(Stored data)
Segment Open

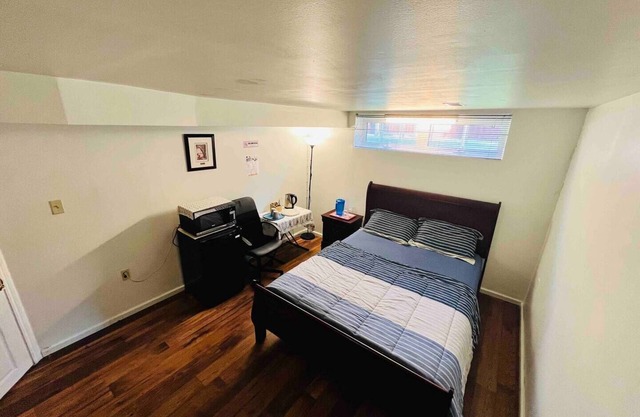 Cozy and Private Bedroom in a Basement with complete Washroom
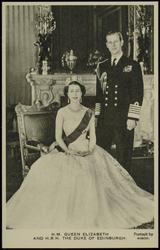 H.M. QUEEN ELIZABETH AND H.R.H. THE DUKE OF EDINBURGH.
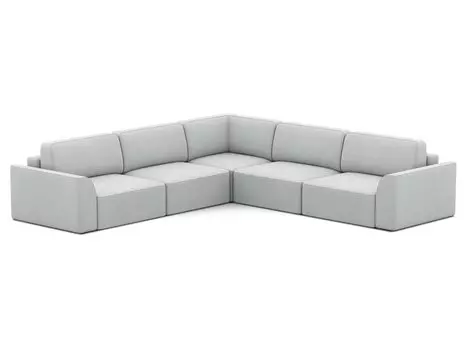 Диван модульный Спейс-М 4 Lazy Silver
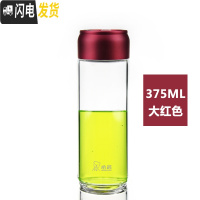 三维工匠玻璃杯单层男女士家用随手杯便携大容量水杯水晶杯子耐热茶杯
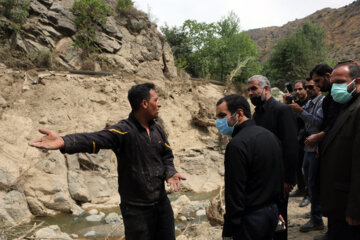 بازدید نایب رئیس مجلس از مناطق سیل زده روستاهای کلیبر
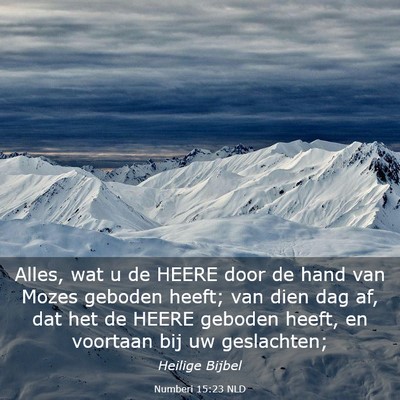 Picture 03 - Numberi 15:23 NLD - Alles, wat u de HEERE door de hand van Mozes - Bible Verse Picture
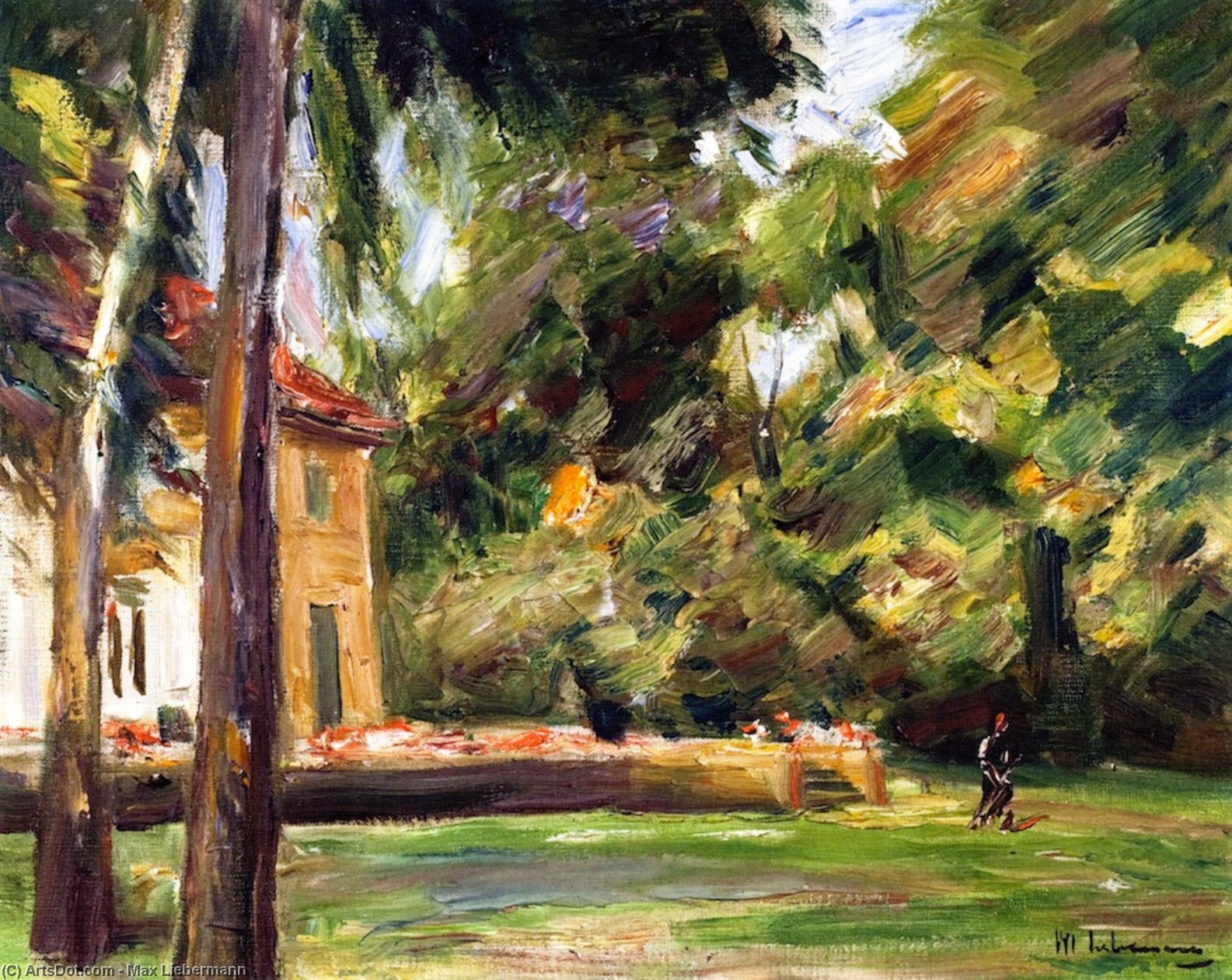 Wikioo.org - The Encyclopedia of Fine Arts - Painting, Artwork by Max Liebermann - View from the Birch Avenue toward the Northwest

Segment Closed

__Problem requirements__
Word for word, retype the lines from the one with "Picture 03 - Numberi" through the final line of the data, both included. No pictures belong in the copy.

__Answer space__
 Picture 03 - Numberi 15:23 NLD - Alles, wat u de HEERE door de hand van Mozes - Bible Verse Picture
 Wikioo.org - The Encyclopedia of Fine Arts - Painting, Artwork by Max Liebermann - View from the Birch Avenue toward the Northwest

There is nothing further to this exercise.